У меня в ушах звенит от его крика, и я указываю на дверь.
— Уходи, не ори здесь. Я тебя не звал, сам пришел. Какого черта ты здесь разорался? Уезжаешь — и уезжай, мне что? Только про деньги помолчи — сначала заработай.
Тулузин уходит, и я чувствую, что сегодня весь вечер опять испорчен.
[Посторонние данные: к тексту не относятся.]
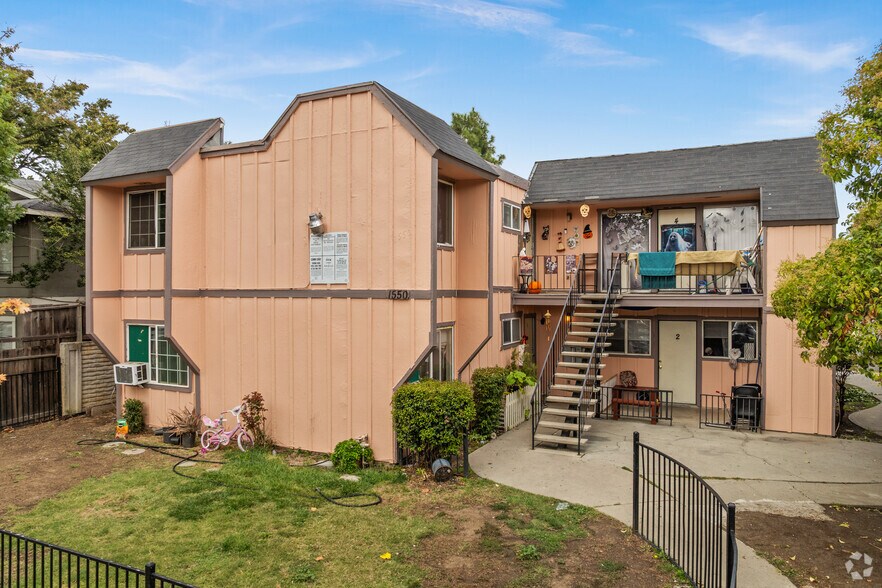 1550 Crucero Dr, San Jose, CA à vendre - Photo de l’immeuble – Image 1 sur 12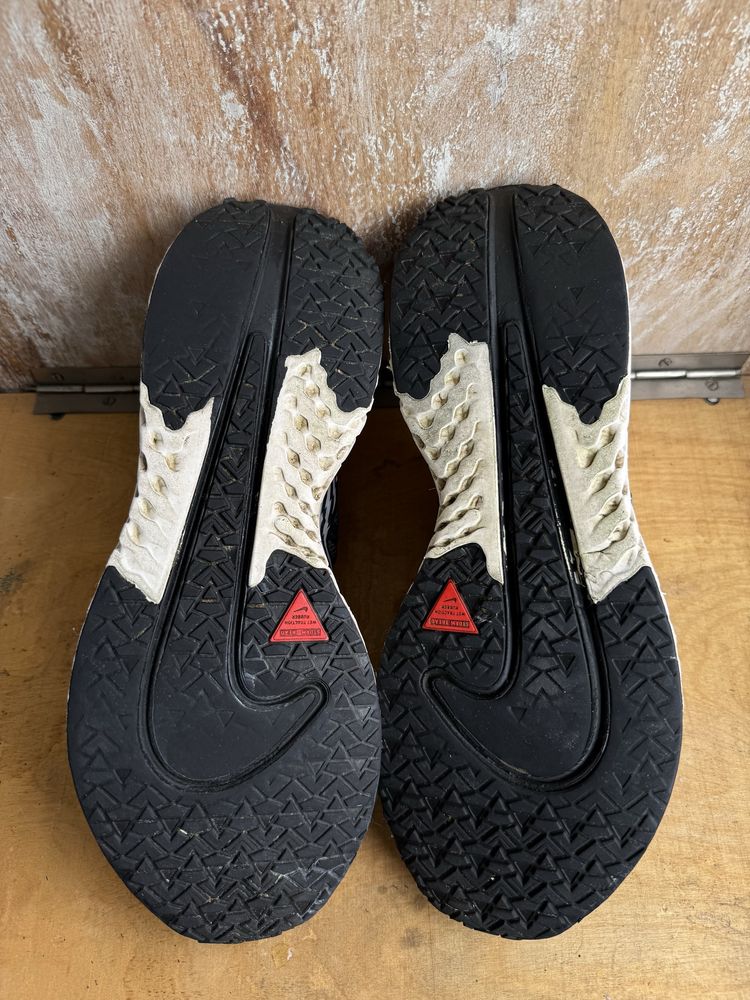 Кросівки Nike legend react 3
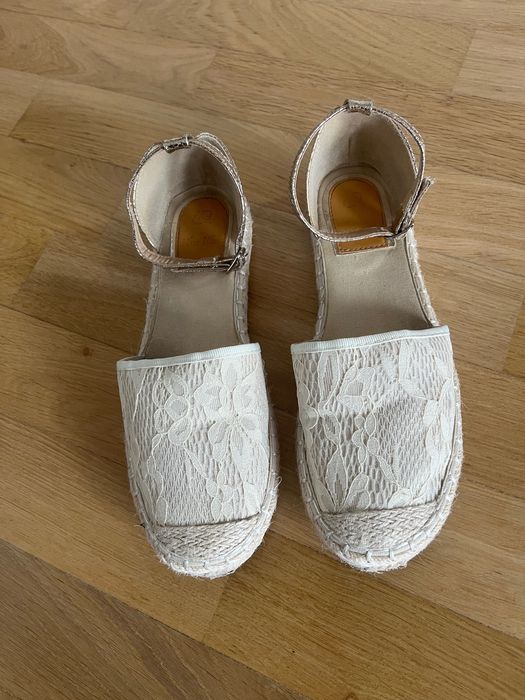 Przepiękne koronkowe espadryle boho / złote detale / r. 39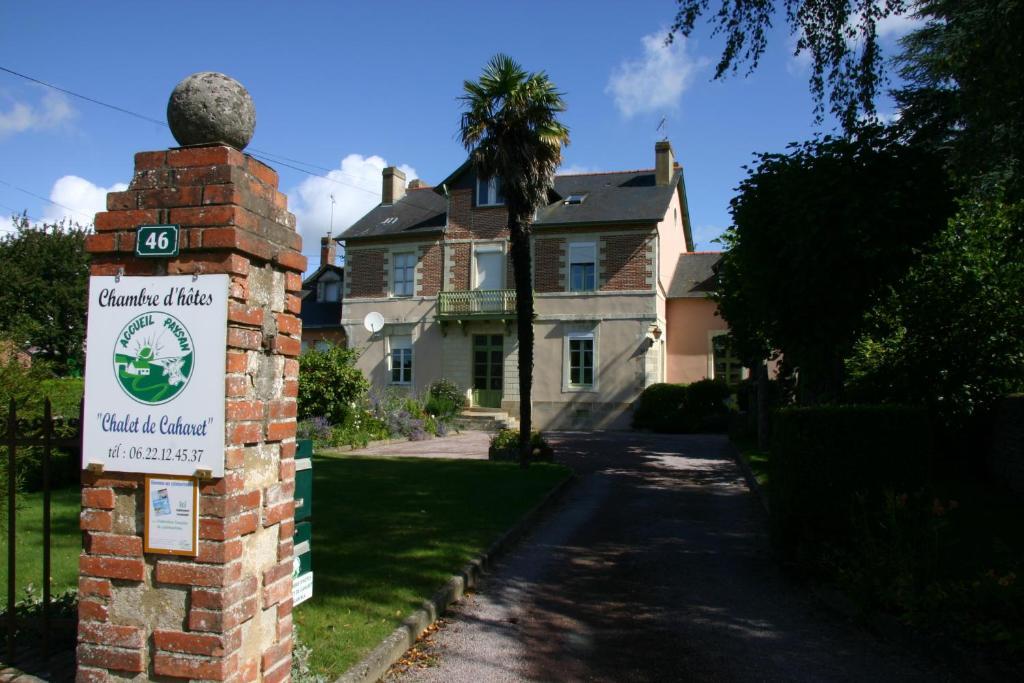 Chambres D'Hotes Du Chalet De Caharet Pipriac Екстериор снимка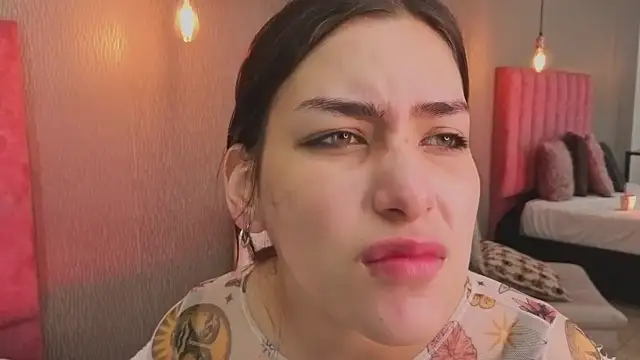 Alexa Thaylor  online show from April 9, 3:28 pm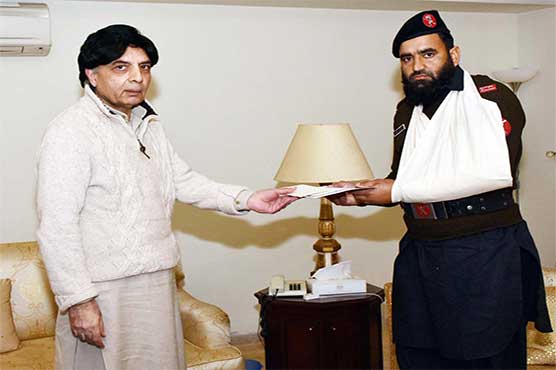 Ch Nisar gives reward of Rs. 3 lac to FC official, who fought terrorist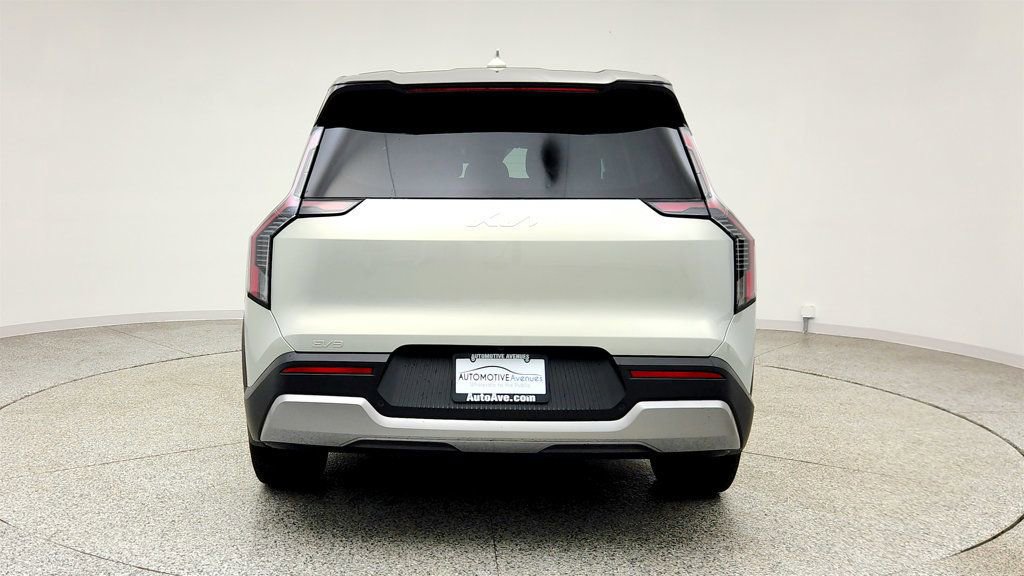 Used 2026 Kia EV9 Light image 6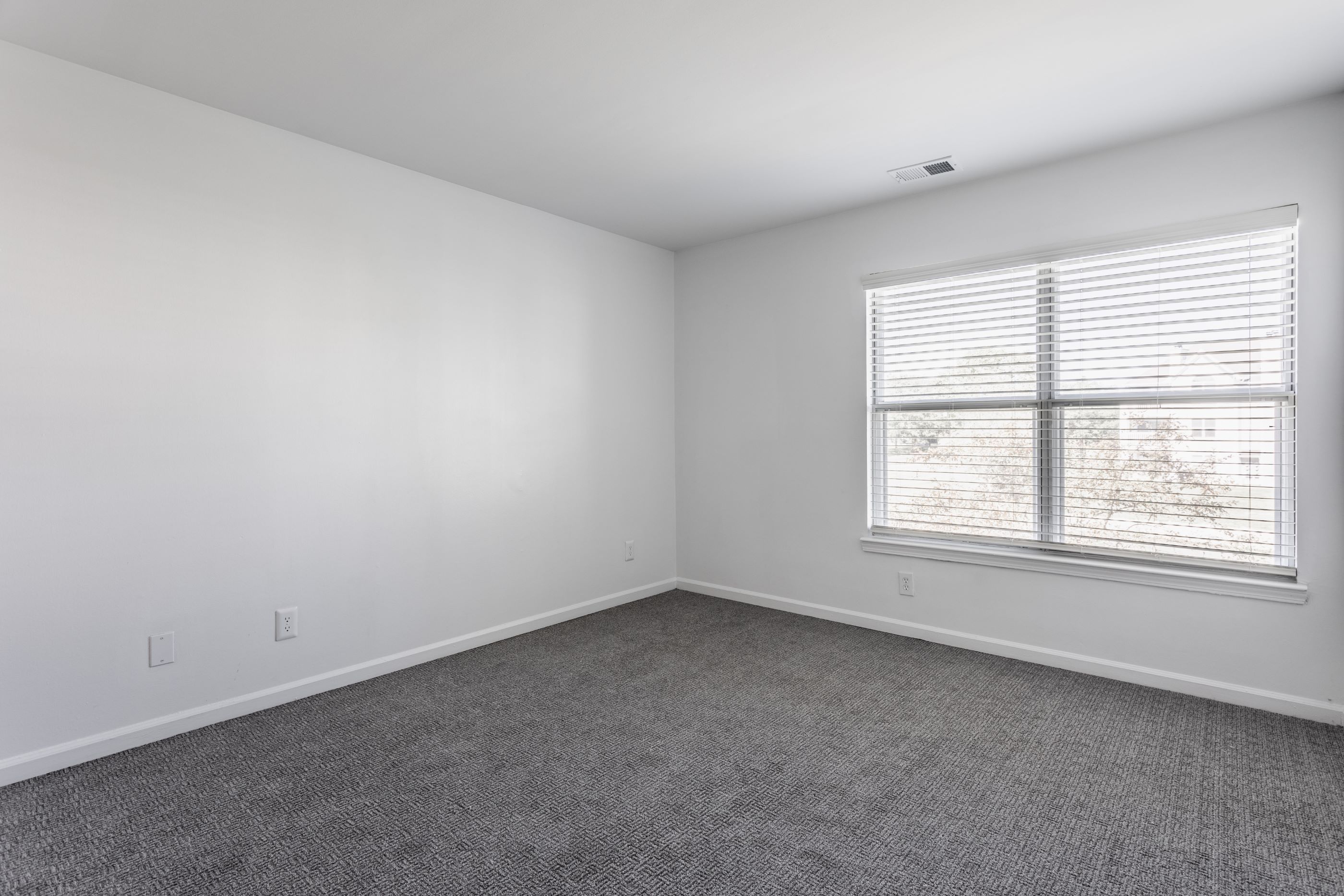 Sundance Apartments 12 of 12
Я подхожу к окну, открываю его, в комнату сразу с удесятеренной силой врывается шум мальчишеских голосов. Во дворе опять гоняют футбол. Я высовываюсь из окна и гляжу на мелькающие, растрепанные головы ребят. Сейчас им всего по десять — двенадцать, но когда-нибудь и им станет по двадцать три. Я не понимаю, что со мной творится, но я знаю, что мною сейчас что-то упущено. Большое, важное… Чего-то важного я не сумел. Я даже не о том думаю сейчас, что Галка может не прийти, хотя знаю, что она может не прийти и будет права — я скотина, и она тысячу раз права. Она может не прийти совсем, От этой мысли мне становится не по себе, хотя я знаю, что смогу пережить даже это. Но мысль, что чего-то серьезного и важного я сейчас не сумел, не отпускает меня. Я смотрю, свесившись из окна, и чувствую, что никогда в жизни я еще не смотрел так вот из окна и никогда еще не замечал так много нового в своем старом дворе, знакомом до мелочей вроде осколка красного кирпича на крыше детской беседки или сломанного сучка у тополя, посаженного лет пять-шесть назад.